Quiet Quitting Versus Quiet Firing

The "quiet quitting" thing is not news to teachers. In teacherland, it's called "working to the contract" and it is an alternative to striking that can still bring a school district to a grinding halt.

My old district, like most, depended on teacher volunteer hours. Heck, for years, the school schedule depended on the assumption that teachers would stop by the office to pick up mail and memos before their actual report time arrived (at which time we were expected to be in our room with students). 

I call "quiet quitting" a bad euphemism for "no longer donating free work to an ungrateful boss." 

The problem for teachers, of course, is that when they stop donating hours, the person who most immediately suffers is that teacher. "I am NOT going to do any preparation of paperwork and handouts outside of school, and then tomorrow I can just.... not have the materials I need to run class." Or maybe "I'll just never grade any papers outside of school hours and  so students can just get their assignments back ten weeks later when the feedback will not serve any educational purpose, and I can just assign two essays this year, accomplishing next to nothing." Yeah, that'll show them.

The job is built wrong, based on the assumption that if the teacher isn't standing up in front of students, the taxpayers aren't getting their money's worth. So they only way to do a decent job and maintain your professional self-respect is to donate the extra time needed to get the work done.

If that weren't enough, this post popped up today, courtesy of Bonnie Dilber on LinkedIN. Here's the opening section:

The "Quiet Quitting" thing is funny to me. I think the real conversation should be around "Quiet Firing" as it's rampant.

You don't receive feedback or praise.

You get raises of 3% or less while others are getting much more.
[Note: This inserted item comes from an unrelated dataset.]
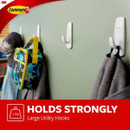 Three white utility hooks on a wall holding a bag and clothing, with a 3M Command brand logo.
Your 1:1s are frequently cancelled or shuffled around.

You don't get invited to work on cool projects or stretch opportunities.

You're not kept up-to-date on information that is relevant or critical to your work.

Your manager never talks to you about your career trajectory.

My first thought was that yes, that would suck. My second thought was that this, for teachers, is pretty much every ordinary day.

Feedback or praise? No, just one badly designed teacher evaluation thingy, often rushed through in May with an administrator who is swamped but is required to get these done.

Raises of 3% or less? In a good year, maybe.

Face to face meetings? Does eating lunch with a couple of colleagues in fifteen minutes or less count?

Cool projects? Stretch opportunities? Maybe you get a chance to set up something yourself. Teachers do get lots of squeeze opportunities (Here's a new unit we would like you to squeeze into your 180 days of instruction.)

Up-to-date information? Get your own. And maybe we'll let you know about new district policies before you read about them in the newspaper. Or maybe not.

Career trajectory? Granted, teaching is a career where you start in the middle and then slowly rise to the middle, but still--imagine a teaching job where your boss talked to you about your development as a professional on a regular basis. "Imagine" being the key word.

I read this post and thought, "Holy smokes-- so teachers are regularly treated in a way that the private sector would consider a form of firing??!!" 

You may have a teaching job in which some of these don't apply. I had a good boss or two who actually avoided some of this quiet firing stuff. But I'm afraid too many of us totally recognize this pattern, or maybe just get it on some gut level.\

There are probably other quit things that apply to teaching (for instance, Quietly Treating Grown-up Professionals As If They're Untrustworthy Children), but for right now, these two seem like plenty.